Seems Threadripper and Epyc are based on the same chip

gtbtk · July 27, 2017, 3:48pm

interesting vid delidding a threadripper chip.

It does not seem logical only using two of the dies. using a ccx module from each die would give huge benefits in heat dissipation without hurting performance

anon5644329 · July 27, 2017, 3:54pm

You are second actually … but nice try

just 10 min time difference

gtbtk · July 27, 2017, 3:58pm

That would be because that post is not in the cpu section

gtbtk · July 27, 2017, 4:00pm

I just saw that and corrected my post

sparky · August 1, 2017, 2:25am

If this hasn’t been corrected anywhere then it looks like it is 2 die for the functioning cores and two die that either have not gone through the manufacturing process or are known dead die perhaps. They are doing this for package rigidity since just having a void where two of the die should be would make the ihs flex in those areas. That’s not a good thing. So they are just using some silicon as a shim.

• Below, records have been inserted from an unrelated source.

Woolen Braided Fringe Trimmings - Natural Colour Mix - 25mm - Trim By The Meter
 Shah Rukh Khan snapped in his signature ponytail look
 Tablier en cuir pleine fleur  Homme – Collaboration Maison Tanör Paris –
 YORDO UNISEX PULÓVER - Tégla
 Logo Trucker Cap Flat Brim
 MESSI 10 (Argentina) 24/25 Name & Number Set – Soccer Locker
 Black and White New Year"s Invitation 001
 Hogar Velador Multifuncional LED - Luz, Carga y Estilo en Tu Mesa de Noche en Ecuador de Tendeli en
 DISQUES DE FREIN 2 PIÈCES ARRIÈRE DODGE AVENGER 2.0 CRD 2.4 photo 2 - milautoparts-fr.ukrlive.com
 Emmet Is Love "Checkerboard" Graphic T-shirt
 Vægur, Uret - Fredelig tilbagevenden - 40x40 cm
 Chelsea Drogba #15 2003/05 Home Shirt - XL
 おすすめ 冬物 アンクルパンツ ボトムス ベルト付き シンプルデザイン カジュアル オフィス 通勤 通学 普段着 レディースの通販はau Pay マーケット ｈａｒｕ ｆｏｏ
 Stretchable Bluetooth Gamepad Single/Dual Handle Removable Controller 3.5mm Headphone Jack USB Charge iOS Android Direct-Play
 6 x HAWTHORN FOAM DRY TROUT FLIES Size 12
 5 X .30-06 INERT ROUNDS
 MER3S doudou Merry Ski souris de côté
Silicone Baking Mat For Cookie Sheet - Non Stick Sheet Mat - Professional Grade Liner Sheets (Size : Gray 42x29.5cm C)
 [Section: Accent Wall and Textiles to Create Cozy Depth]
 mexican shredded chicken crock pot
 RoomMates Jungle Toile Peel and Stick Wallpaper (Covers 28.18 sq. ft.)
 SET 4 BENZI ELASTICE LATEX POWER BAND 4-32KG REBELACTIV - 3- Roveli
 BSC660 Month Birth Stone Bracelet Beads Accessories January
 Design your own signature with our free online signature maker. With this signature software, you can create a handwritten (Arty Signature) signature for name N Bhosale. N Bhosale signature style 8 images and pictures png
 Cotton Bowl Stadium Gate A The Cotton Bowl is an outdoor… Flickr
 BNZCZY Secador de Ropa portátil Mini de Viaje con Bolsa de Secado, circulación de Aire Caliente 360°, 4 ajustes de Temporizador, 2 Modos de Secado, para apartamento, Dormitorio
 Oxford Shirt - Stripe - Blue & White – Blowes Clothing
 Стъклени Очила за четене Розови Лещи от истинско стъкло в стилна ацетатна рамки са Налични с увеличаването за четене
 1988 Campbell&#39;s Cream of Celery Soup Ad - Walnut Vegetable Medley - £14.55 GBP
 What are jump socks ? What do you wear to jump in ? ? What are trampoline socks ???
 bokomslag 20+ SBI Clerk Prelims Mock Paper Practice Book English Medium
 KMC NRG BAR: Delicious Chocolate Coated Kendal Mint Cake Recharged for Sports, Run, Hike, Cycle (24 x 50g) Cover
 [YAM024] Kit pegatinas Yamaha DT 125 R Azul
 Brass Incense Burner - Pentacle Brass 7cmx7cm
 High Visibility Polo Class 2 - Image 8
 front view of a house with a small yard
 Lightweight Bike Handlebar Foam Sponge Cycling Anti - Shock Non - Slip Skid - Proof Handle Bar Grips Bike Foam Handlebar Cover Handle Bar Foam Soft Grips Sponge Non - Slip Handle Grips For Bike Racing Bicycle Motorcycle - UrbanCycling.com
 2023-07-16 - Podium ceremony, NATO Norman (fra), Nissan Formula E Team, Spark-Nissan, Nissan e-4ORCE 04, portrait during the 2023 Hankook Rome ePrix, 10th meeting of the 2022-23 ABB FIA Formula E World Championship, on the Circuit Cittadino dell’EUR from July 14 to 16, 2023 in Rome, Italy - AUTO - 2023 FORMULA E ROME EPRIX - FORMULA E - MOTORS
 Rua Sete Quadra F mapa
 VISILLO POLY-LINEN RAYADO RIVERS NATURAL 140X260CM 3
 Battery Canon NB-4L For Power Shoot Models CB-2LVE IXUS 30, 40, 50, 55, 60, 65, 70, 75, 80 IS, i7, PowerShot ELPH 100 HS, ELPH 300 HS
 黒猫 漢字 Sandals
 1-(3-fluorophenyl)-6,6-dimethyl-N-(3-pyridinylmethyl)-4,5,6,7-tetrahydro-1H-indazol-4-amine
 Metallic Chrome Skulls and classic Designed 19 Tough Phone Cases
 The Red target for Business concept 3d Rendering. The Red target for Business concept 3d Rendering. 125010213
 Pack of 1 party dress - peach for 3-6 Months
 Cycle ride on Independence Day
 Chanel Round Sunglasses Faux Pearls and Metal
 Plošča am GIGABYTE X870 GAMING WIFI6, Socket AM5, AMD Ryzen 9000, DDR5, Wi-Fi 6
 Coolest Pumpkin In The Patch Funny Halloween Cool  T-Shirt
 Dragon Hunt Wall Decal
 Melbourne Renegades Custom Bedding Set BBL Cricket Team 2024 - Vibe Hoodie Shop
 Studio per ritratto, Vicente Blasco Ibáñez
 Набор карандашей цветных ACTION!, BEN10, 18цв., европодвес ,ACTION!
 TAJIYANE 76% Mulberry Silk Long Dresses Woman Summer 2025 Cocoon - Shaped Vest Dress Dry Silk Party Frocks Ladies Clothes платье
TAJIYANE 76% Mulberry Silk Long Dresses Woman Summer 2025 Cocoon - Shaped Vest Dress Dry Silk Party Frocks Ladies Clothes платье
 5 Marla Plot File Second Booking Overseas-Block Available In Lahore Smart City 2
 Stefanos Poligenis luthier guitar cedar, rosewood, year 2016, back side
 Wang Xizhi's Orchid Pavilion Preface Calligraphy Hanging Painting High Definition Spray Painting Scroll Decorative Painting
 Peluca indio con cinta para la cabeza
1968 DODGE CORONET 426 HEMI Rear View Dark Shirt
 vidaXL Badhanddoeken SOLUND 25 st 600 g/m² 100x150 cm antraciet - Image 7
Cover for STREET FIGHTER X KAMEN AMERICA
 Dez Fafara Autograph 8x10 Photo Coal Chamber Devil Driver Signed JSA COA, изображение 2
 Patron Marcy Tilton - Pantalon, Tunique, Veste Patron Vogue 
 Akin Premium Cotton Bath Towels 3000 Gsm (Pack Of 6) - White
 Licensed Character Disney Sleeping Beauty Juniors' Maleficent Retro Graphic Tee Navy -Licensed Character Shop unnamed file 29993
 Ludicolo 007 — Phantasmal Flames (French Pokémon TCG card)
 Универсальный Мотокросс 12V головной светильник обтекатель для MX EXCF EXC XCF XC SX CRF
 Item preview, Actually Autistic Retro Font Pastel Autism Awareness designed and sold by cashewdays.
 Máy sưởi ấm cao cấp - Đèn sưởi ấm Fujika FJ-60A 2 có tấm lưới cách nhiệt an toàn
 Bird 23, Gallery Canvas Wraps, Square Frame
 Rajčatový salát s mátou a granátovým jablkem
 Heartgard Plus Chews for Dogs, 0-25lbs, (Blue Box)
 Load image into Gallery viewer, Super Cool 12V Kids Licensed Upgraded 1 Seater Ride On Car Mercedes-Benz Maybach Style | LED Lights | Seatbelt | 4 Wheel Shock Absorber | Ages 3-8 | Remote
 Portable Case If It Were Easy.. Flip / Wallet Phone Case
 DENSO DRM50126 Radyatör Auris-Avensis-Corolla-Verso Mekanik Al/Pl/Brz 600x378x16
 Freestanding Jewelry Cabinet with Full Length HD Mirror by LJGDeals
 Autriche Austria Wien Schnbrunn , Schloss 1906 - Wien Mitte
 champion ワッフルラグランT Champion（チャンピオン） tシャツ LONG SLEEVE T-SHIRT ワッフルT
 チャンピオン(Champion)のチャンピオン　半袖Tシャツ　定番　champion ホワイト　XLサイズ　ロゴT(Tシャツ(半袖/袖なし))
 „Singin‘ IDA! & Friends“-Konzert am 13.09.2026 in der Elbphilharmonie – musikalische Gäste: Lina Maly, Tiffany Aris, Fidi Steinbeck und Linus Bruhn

I believe I read that at Anandtech.

gtbtk · August 1, 2017, 6:11pm

1950x thread ripper will use 4 ccx modules with 4 cores each, 2 dual channel memory controllers and 2 PCIE/IO controllers that can potentially be located anywhere on the 4 dies.

There is no penalty from a latency perspective for any component to communicate with any other component over the Infinity fabric regardless of which die it is resident on and is the key feature of their infinity fabric. Epyc only sees a penalty in the dual socket chips if threads have to switch between sockets.

I would think that from the perspective of distributing heat over a wider area, it makes sense if each die supports a CCX module with two dies hosting the two memory controllers and two dies supporting the pcie controllers. That gives them flexibility to put the memory controllers in the dies closest to the memory slots to improve latency but it also give them flexibility to move everything around and use two complete R7 dies if they want to.

The “shim” story is only that, a fairy story.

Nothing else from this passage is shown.